Знаменитый анархист встретил сначала невнимательно, но, прочтя в письме Оливера слова: «Москва, «Правда», сразу оживился. Тут же, на шоссе, среди своих солдат, явно привлекая их внимание, он начал бурный полемический разговор. Его речь полна мрачной фанатической страстности.
– Может быть, только сотня из нас останется в живых, но эта сотня войдет в Сарагосу, уничтожит фашизм, подымет знамя анархо-синдикалистов, провозгласит свободный коммунизм… Я войду в Сарагосу первым, провозглашу там свободную коммуну. Мы не будем подчиняться ни Мадриду, ни Барселоне, ни Асанье, ни Хиралю, ни Компанису, ни Касановасу. Хотят – пусть живут с нами в мире, не хотят – мы пойдем на Мадрид… Мы покажем вам, большевикам, русским и испанским, как надо делать революцию, как доводить ее до конца. У вас там диктатура, в Красной Армия заведены полковники и генералы, а у меня в колонне нет ни командиров, ни подчиненных, мы все равны в правах, все солдаты, я тоже здесь только солдат.
Он одет в синее холщовое моно (комбинезон); шапка сшита из красного и черного сатина; высок, атлетического сложения, красивая, чуть седеющая голова, властен, подавляет окружающих, но в глазах что-то чересчур эмоциональное, почти женское, взгляд иногда раненого животного. Мне кажется, у него недостаток воли.

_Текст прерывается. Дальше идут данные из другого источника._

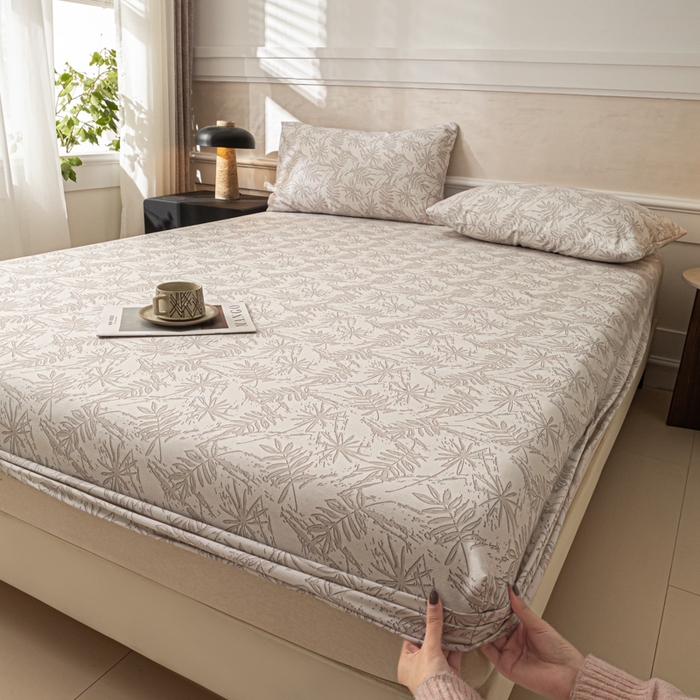 91家纺网 家纺一手货源 找家纺 爱彼家纺 2026新款A类纯棉提花老粗布床笠单件床笠三件套提花床笠-系列一 全棉提花-026浅棕椰影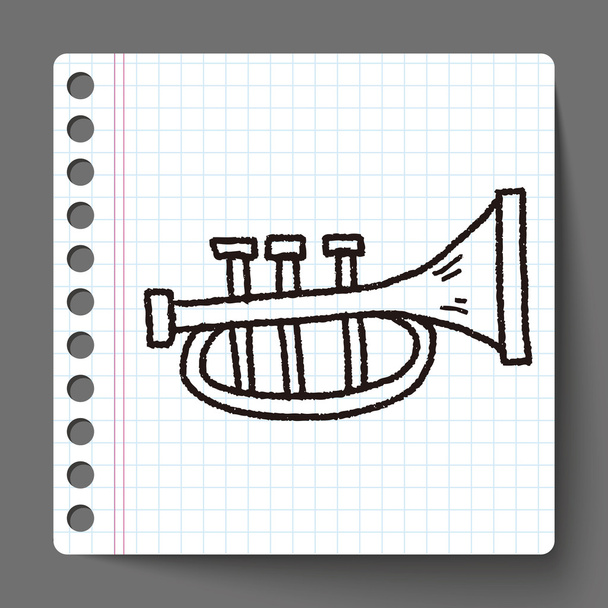 trumpet doodle - Vector, Image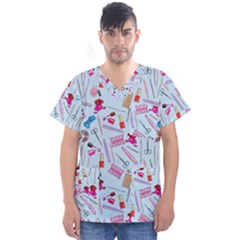 Manicure Nail Men s V-neck Scrub Top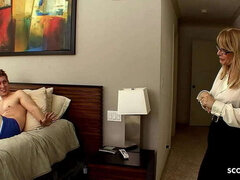 Mature Step-Mom Nina Hartley Catches Boy Jerking, Fucks Him - Full Porn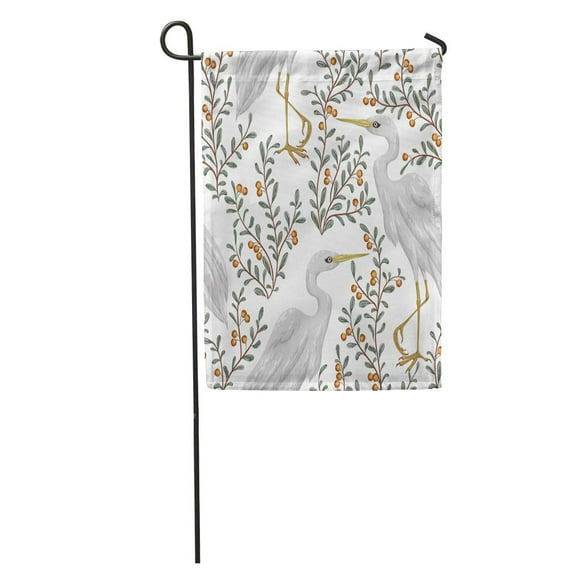 JSDART Colorful Crane Heron Bird and Cranberry Plant Rustic Botanical Vintage in Watercolor Pattern Garden Flag Decorative Flag House Banner 28x40 inch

– У меня никто не служит из-за долга, из-за дисциплины, все пришли сюда только из-за желания бороться, из-за готовности умереть за свободу. Вчера двое попросились в Барселону повидать родных – я у них отнял винтовки и отпустил совсем, мне не надо таких. Один сказал, что передумал, что согласен остаться, – я его не принял. Так я буду поступать со всеми, хотя бы нас осталась дюжина! Только так может строиться революционная армия. Население обязано помогать нам – ведь мы боремся против всякой диктатуры, за свободу для всех! Кто нам не поможет, того мы сотрем с лица земли. Мы сотрем всех, кто преграждает путь к свободе! Вчера я распустил сельский совет Бухаралоса – он не помогал войне, он преграждал путь к свободе.
– Это все-таки пахнет диктатурой, – сказал я. – Когда большевики во время гражданской войны иногда распускали засоренные врагами парода организации, их обвиняли в диктаторстве. Но мы не прятались за разговоры о всеобщей свободе. Мы никогда не прятали диктатуры пролетариата, а всегда открыто укрепляли ее. И затем – что это может получиться у вас за армия без командиров, без дисциплины, без послушания? Или вы не думаете воевать всерьез, или вы притворяетесь, у вас есть какая-то дисциплина и какая-то субординация, только под другим названием.
– У нас организованная недисциплинированность. Каждый отвечает перед самим собой и перед коллективом. Трусов и мародеров мы расстреливаем, их судит комитет.
– Это еще ни о чем не говорит. Чья это машина? – Все головы повернулись, куда я указал рукой. На площадке у шоссе стояло около пятнадцати автомобилей, большей частью изломанных, потертых «Фордов» и «Адлеров», среди них роскошная открытая «Испано-Суиса», вся блистающая серебром, щегольской кожей подушек.